**INPUT DATA**

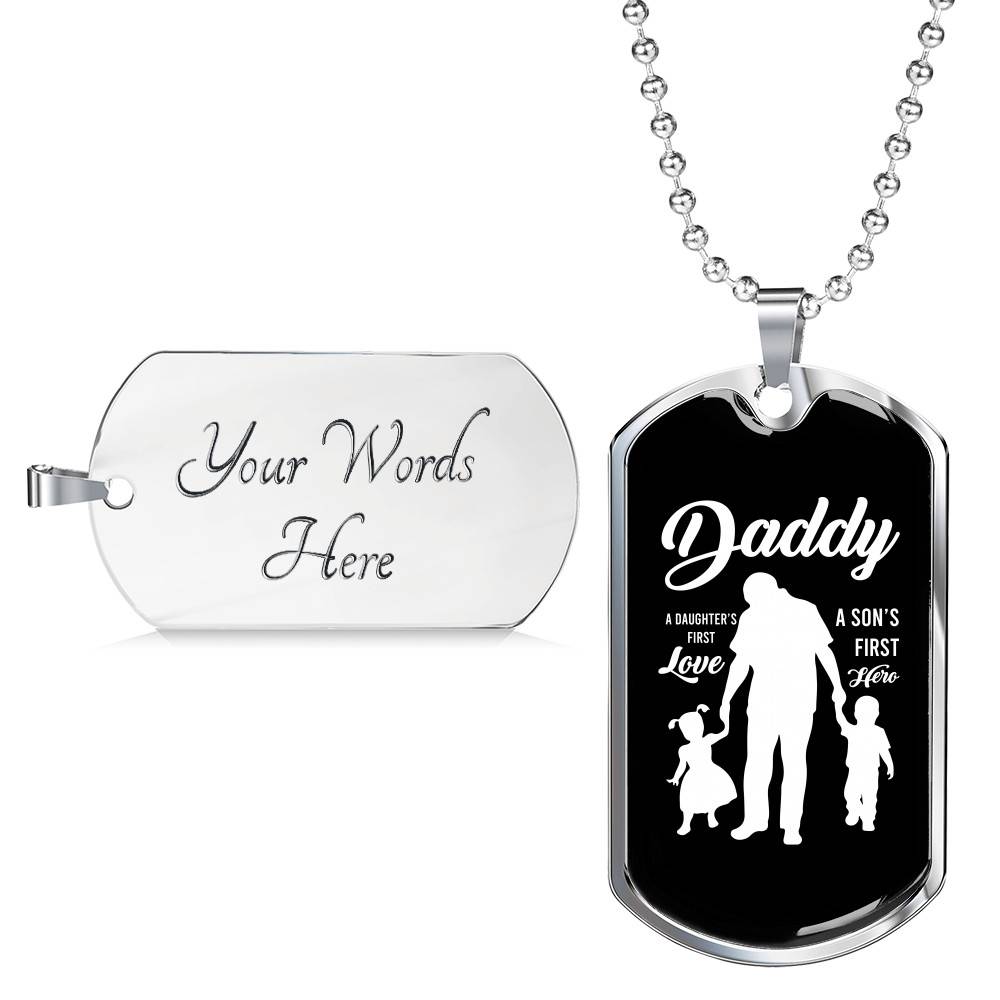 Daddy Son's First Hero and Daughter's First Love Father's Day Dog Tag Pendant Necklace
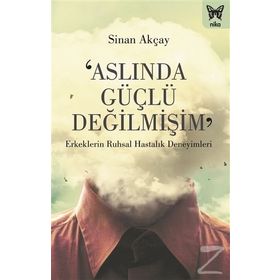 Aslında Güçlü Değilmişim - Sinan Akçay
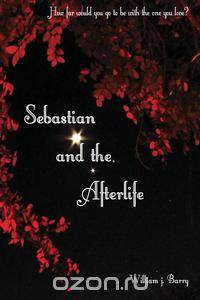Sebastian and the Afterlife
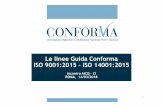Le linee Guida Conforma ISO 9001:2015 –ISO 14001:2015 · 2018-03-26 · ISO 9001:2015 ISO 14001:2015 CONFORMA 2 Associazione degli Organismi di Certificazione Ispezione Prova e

==

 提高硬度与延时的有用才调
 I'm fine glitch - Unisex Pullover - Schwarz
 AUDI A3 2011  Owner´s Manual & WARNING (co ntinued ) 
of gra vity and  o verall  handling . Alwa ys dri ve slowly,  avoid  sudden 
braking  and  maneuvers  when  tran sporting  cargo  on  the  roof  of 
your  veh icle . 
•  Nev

**WHAT TO DO**
Would you restate, exactly and with no pictures, the lines of the entries above from the one containing "Daddy Son's First" through the one containing "Le linee Guida"?

**RESPONSE**
 Daddy Son's First Hero and Daughter's First Love Father's Day Dog Tag Pendant Necklace
 Aslında Güçlü Değilmişim - Sinan Akçay
Sebastian and the Afterlife
Le linee Guida Conforma ISO 9001:2015 –ISO 14001:2015 · 2018-03-26 · ISO 9001:2015 ISO 14001:2015 CONFORMA 2 Associazione degli Organismi di Certificazione Ispezione Prova e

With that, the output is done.